_WHAT IS EXPECTED_: Repeat precisely the span of lines below that opens with the line containing "Санскритские винтажные сари" and closes with the line containing "Food Delivery Backpack", both included.

*** DATA FOR REVIEW Section Begins ***

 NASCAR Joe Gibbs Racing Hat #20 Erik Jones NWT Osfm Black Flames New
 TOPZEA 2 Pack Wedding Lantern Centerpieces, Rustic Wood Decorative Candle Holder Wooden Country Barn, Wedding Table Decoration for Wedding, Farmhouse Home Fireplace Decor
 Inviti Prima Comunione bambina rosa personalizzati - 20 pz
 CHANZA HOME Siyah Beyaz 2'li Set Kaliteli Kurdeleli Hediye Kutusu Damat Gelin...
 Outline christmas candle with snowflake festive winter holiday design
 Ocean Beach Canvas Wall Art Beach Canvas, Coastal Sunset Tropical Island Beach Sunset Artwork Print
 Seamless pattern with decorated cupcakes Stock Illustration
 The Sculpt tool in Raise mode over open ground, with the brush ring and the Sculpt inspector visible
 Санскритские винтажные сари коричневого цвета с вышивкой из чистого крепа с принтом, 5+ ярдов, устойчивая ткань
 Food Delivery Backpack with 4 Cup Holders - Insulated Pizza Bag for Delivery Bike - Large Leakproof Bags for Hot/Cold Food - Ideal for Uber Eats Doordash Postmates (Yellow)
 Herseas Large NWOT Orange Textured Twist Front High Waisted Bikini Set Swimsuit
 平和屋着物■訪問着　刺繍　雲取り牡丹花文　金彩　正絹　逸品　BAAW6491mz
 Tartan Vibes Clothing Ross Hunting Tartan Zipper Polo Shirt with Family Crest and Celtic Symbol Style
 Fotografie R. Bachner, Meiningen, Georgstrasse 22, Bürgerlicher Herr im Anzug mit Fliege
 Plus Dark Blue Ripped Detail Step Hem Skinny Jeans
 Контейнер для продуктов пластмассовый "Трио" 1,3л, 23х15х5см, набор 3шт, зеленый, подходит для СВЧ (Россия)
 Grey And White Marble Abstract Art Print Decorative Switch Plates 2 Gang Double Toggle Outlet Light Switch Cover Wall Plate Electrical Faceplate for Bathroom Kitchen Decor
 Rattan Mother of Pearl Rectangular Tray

*** DATA FOR REVIEW Section Ends ***

_ANSWER SECTION_:
 Санскритские винтажные сари коричневого цвета с вышивкой из чистого крепа с принтом, 5+ ярдов, устойчивая ткань
 Food Delivery Backpack with 4 Cup Holders - Insulated Pizza Bag for Delivery Bike - Large Leakproof Bags for Hot/Cold Food - Ideal for Uber Eats Doordash Postmates (Yellow)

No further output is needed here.